Es cierto que el mundo moderno anda neurasténico y un poco cansado, pero la neurastenia de las grandes urbes es de otro género y es además muy compleja, muy honda y muy pintoresca. La neurastenia de nuestra gente es artificial y monótona. Su cansancio es el cansancio de los que no han hecho nada.

Y no es el caso de hablar de modernismo. El modernismo no es sólo una cuestión de forma, sino, sobre todo, de esencia. No es modernista el que se contenta de una audacia o una arbitrariedad externas de sintaxis o de metro. Bajo el traje huachafa­mente nuevo, se siente intacta la vieja sustancia. ¿Para qué transgredir la gramática si los ingredientes espirituales de la poesía son los mismos de hace veinte o cincuenta años? "Il faut étre absolument moderne", como decía Rimbaud; pero hay que ser mo­derno espiritualmente. Aquí se respira, generalmente, en los dominios del arte y la inteligencia, un pasadismo incurable y enfermizo. Nuestros poetas se refugian, voluptuosamente, en la evocación y en la nostal­gia más pueriles, como si su contorno actual careciese de emoción y de interés. No osan domar la belleza sino cuando la suponen suficientemente doméstica. El futurismo, el dadaísmo, el cubismo, son en las grandes urbes un fenómeno espontáneo, un producto genuino de la vida. El estilo nuevo de la poesía es cosmopolita y urbano. Es la espuma de una civilización ultrasensible y quintaesenciada. No es asequible por ende a un ambiente provinciano. Es una moda que no encuentra aquí los elementos necesarios para aclimatarse. Es el perfume, es el efluvio lírico del espíritu humorista, escéptico, relativista de la decadencia burguesa. Esta poesía, sin solemnidad y sin dramaticidad, que aspira a ser un juego, un deporte, una pirueta, no florecerá entré nosotros.

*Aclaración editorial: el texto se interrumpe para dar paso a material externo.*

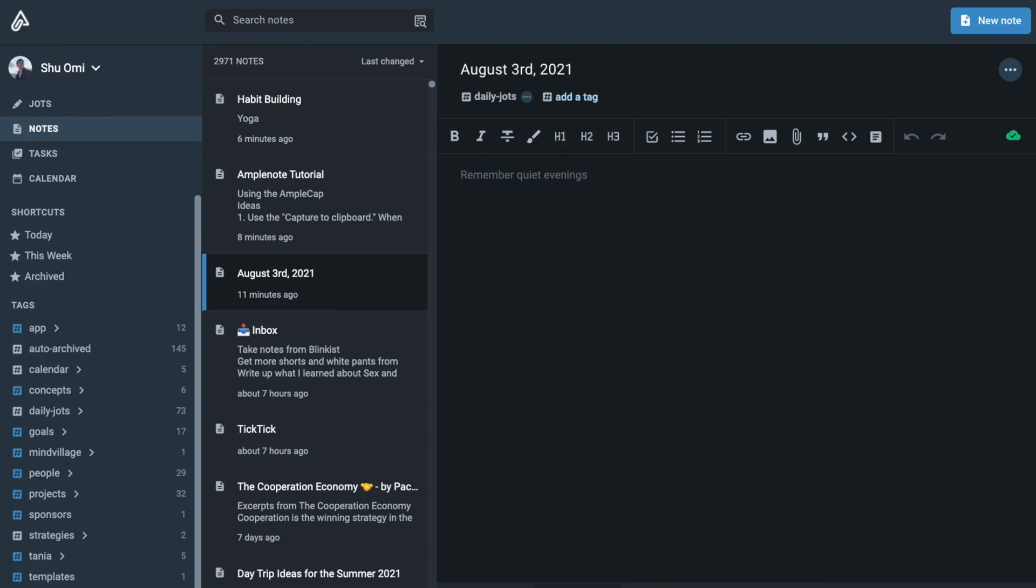Hello everyone, my name is Xu. In this tutorial, I want to show you how to navigate in Amplenode so you can get the best out of it.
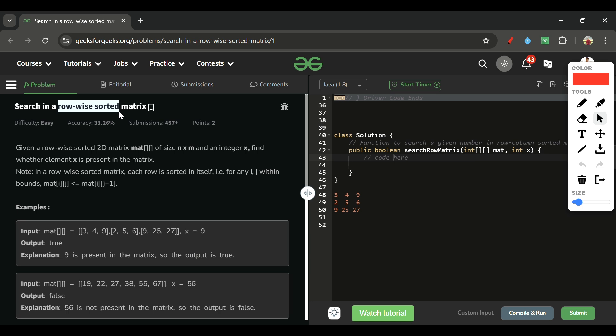But this solution is not utilizing the feature we are given — that the matrix is row-wise sorted. Whenever we have to search in something sorted, we always use binary search. In yesterday's problem, the matrix was both row-wise and column-wise sorted, so we could start from the first row's last column and move left if X is less than the current element, or move down if X is greater.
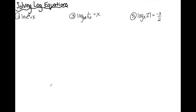Hey guys, so today we're going to be talking about solving log equations. The first thing I'm going to do is reference a rule that I talked about in a previous video titled Properties of Logs. I'll link that down in the description below in case you need it as we're going through this lesson.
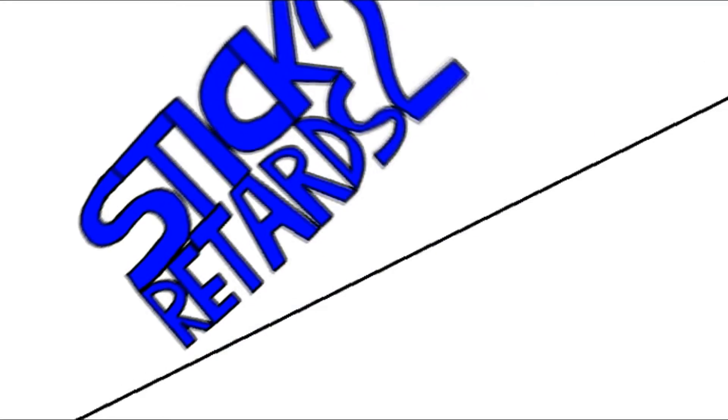Randomation Pictures presents... Stick retards too!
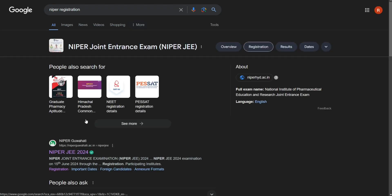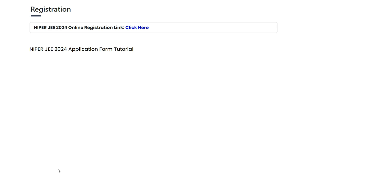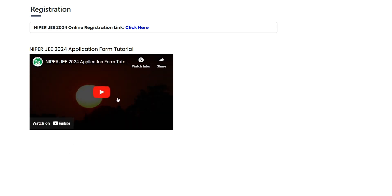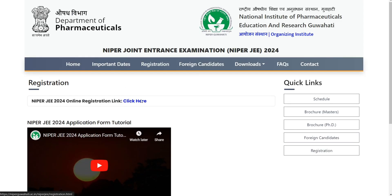Hello everyone! I'm going to start with the breakdown of the Vista — the whole series of videos I'm going to share with you.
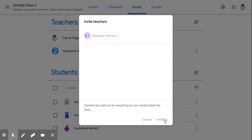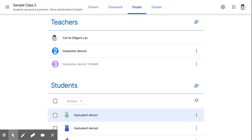As soon as they accept the invitation, they'll be ready to post and view all assignments and comments in your classroom.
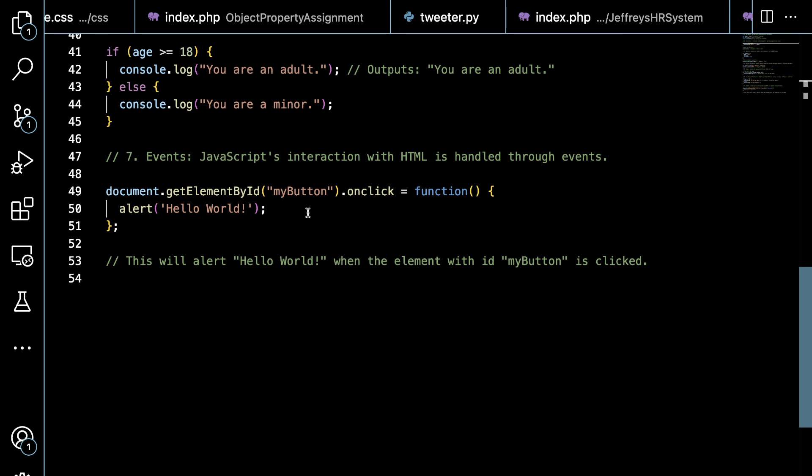Finally, on line 49 you will see a JavaScript event handler. What this does is it says document - that is your HTML page - dot get element by ID. So you have on your HTML page an element with the ID myButton. When somebody clicks on that, execute the function to just pop an alert: hello world.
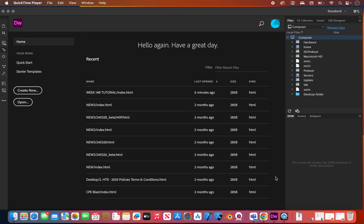Hey everybody, it's Rogway here and today we are starting our new unit on web design. We're going to be using a new program called Dreamweaver. In past videos I've used several different softwares, but we're going to stick with Dreamweaver. It's part of the Adobe family and it does a decent job.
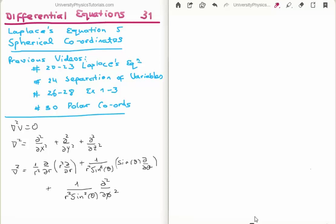The previous videos are as follows. In videos 20 through to 23 I discussed Laplace's equation, proved its first and second uniqueness theorems, and showed that Laplace's equation does not permit local maxima or minima. In video 24 I discussed separation of variables. In videos 26 through to 28 I did three examples of separation of variables using Laplace's equation each time. In video 30 I discussed polar coordinates. In video 33 I'm going to discuss the Laplacian in spherical coordinates.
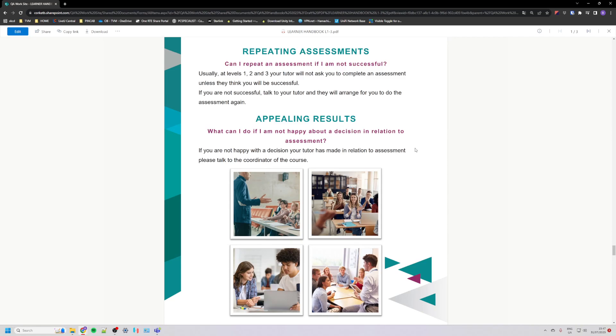Appealing results: if you're not happy with a decision your tutor has made in relation to this assessment, please talk to the coordinator of the course.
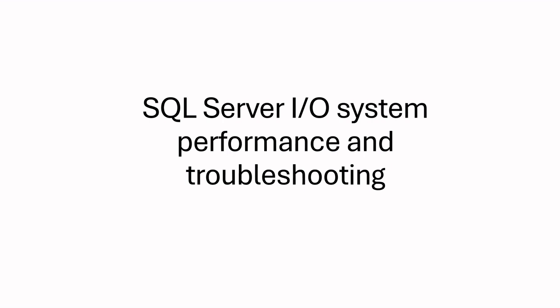Hello everyone, welcome to my channel. In this session I'm going to show you how SQL Server utilizes Windows I/O system and how you should troubleshoot when you face I/O related performance issues in SQL Server.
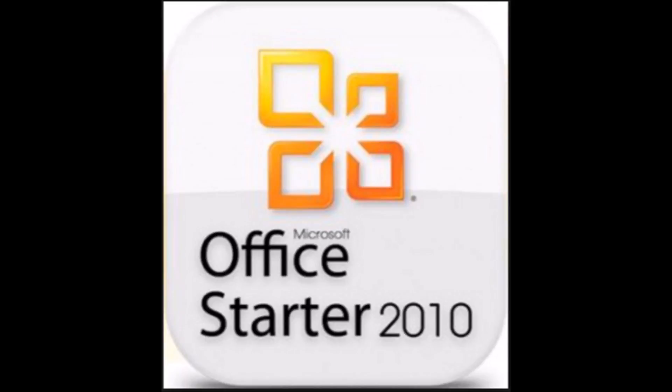We all know how frustrating it has been trying to install Microsoft Office 2010 Starter on the newer versions of Windows. Windows 7 has had its issues as well.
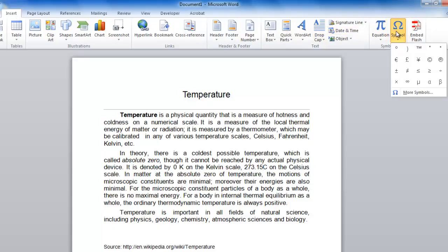You will see several popular symbols below. These are based on what you have recently used. Assuming that you haven't used the degree symbol recently, you will need to click on More Symbols.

No es tampoco el caso de hablar de decadencia de la poesía peruana. No decae sino lo que alguna vez ha sido grande. Y una rápida investigación nos persuadirá de que la poesía de ayer no era mejor que la poesía de hoy. Los poetas de hoy no usan como los de ayer, unas melenas muy largas y unas camisas muy sucias. Su higiene y su estética han ganado mucho. Las brisas y los barcos de occidente traen un polen nuevo. Algunos artistas de la nueva generación comprenden ya que la torre de marfil era la triste celda de un alma exagüe y anémica. Abandonan el ritornello gris de la melancolía, y se aproximan al dolor social que les descubrirá un mundo menos finito. De estos artistas podemos esperar una poesía más huma­na, más fecunda, más espontánea, más biológica.

 

 


 

NOTA:

 

* Publicado en Mundial, Lima, 31 de octubre de 1924.